Garcia observait Magnin avec soin. Comme Vargas, il pensait que la guerre serait technique, et ne croyait pas que les chefs ouvriers devinssent spécialistes par visitation. Il présumait que le sort du front populaire serait pour partie entre les mains de ses techniciens, et tout, de Magnin, l'intéressait : son absence d'aisance, son apparente distraction, son air « sur les dents », son aspect de contremaître supérieur (il était, en fait, ingénieur de Centrale), l'énergie évidente et ordonnée qui s'agitait sous ses rondes lunettes ahuries. Il y avait en Magnin — à cause des moustaches — quelque chose de l'ébéniste traditionnel du faubourg Saint-Antoine ; et aussi, dans ses babines de phoque par quoi se marquait l'âge, dans le regard lorsqu'il retirait ses lunettes, dans les gestes, dans le sourire, la marque complexe de l'intellectuel. Magnin avait dirigé l'une des plus grandes lignes françaises, et Garcia, qui s'appliquait à ne pas parer les hommes du prestige de leur fonction, essayait de discerner ce qui, chez celui-là, était de l'homme même.

— Le peuple est magnifique, Magnin, magnifique ! dit Vargas. Mais il est impuissant.

— J'étais à la Sierra, dit Garcia, pointant vers Magnin le tuyau de sa pipe. Procédons par ordre. La Sierra a surpris les fascistes ; les positions étaient particulièrement favorables à une action de guérilla ; le peuple a une force de choc très grande et très courte.

« Mon cher monsieur Magnin, nous sommes soutenus et empoisonnés à la fois par deux ou trois mythes assez dangereux. D'abord, les Français : le Peuple — avec une majuscule — a fait la Révolution française. Soit. De ce que cent piques peuvent vaincre de mauvais mousquets, il ne suit pas que cent fusils de chasse puissent vaincre un bon avion. La révolution russe a encore compliqué les choses. Politiquement, elle est la première révolution du XXe siècle ; mais notez que, militairement, elle est la dernière du XIXe. Ni aviation, ni tanks chez les tsaristes, des barricades chez les révolutionnaires. Comment sont nées les barricades ? Pour lutter contre les cavaleries royales, le peuple n'ayant jamais de cavalerie. L'Espagne est aujourd'hui couverte de barricades, — contre l'aviation de Franco.
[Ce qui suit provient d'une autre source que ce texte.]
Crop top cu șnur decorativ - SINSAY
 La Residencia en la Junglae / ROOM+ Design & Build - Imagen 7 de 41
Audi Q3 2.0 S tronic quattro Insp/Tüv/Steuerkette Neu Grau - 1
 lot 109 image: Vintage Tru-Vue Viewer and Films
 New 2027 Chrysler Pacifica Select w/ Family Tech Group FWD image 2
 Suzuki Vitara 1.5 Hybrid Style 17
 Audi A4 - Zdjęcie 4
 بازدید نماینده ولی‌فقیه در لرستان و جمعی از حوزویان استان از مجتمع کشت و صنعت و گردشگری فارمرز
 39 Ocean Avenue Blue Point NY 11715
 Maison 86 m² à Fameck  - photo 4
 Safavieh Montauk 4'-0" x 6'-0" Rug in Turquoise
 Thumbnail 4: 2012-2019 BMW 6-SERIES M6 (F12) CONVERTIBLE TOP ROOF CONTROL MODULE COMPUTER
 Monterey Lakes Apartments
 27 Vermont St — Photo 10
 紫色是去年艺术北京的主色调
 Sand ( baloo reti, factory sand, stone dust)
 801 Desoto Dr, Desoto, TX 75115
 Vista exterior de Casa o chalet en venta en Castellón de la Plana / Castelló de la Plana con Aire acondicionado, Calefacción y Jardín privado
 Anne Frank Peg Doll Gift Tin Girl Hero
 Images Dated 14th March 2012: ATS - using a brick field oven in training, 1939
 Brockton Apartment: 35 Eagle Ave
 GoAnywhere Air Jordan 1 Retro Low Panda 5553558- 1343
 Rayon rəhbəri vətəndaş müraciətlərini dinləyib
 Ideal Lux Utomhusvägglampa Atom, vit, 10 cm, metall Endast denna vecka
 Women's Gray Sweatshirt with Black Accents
« Notre cher président du Conseil, aussitôt après sa chute, est parti à la Sierra avec un fusil... Peut-être, monsieur Magnin, ne connaissez-vous pas assez l'Espagne ? Gil, notre seul vrai constructeur d'avions, vient d'être tué au front comme fantassin. »

— Permettez. La révolution...

— Nous ne sommes pas la révolution. Demandez plutôt à Vargas. Nous sommes le peuple, oui ; la révolution non, bien que nous ne parlions que de ça. J'appelle révolution la conséquence d'une insurrection dirigée par des cadres (politiques, techniques, tout ce que vous voudrez) formés dans la lutte, susceptibles de remplacer rapidement ceux qu'ils détruisent.

— Et surtout, Magnin, dit Vargas, remontant sa mono, ce n'est pas nous qui avons pris l'initiative, comme vous ne l'ignorez pas. Nous avons à former nos cadres. Franco n'a pas de cadres du tout, sauf militaires, mais il a les deux pays que vous savez. Jamais des milices ne battront une armée moderne. Les Wrangel ont été battus par l'armée rouge, et pas par les partisans...

Garcia scanda sa phrase de sa pipe :

— Il n'y a plus, désormais, de transformation sociale, à plus forte raison de révolution, sans guerre, et pas de guerre sans technique. Or...

Vargas approuvait, inclinant la tête en même temps que Garcia inclinait sa pipe.

— Les hommes ne se font pas tuer pour la technique et pour la discipline, dit Magnin.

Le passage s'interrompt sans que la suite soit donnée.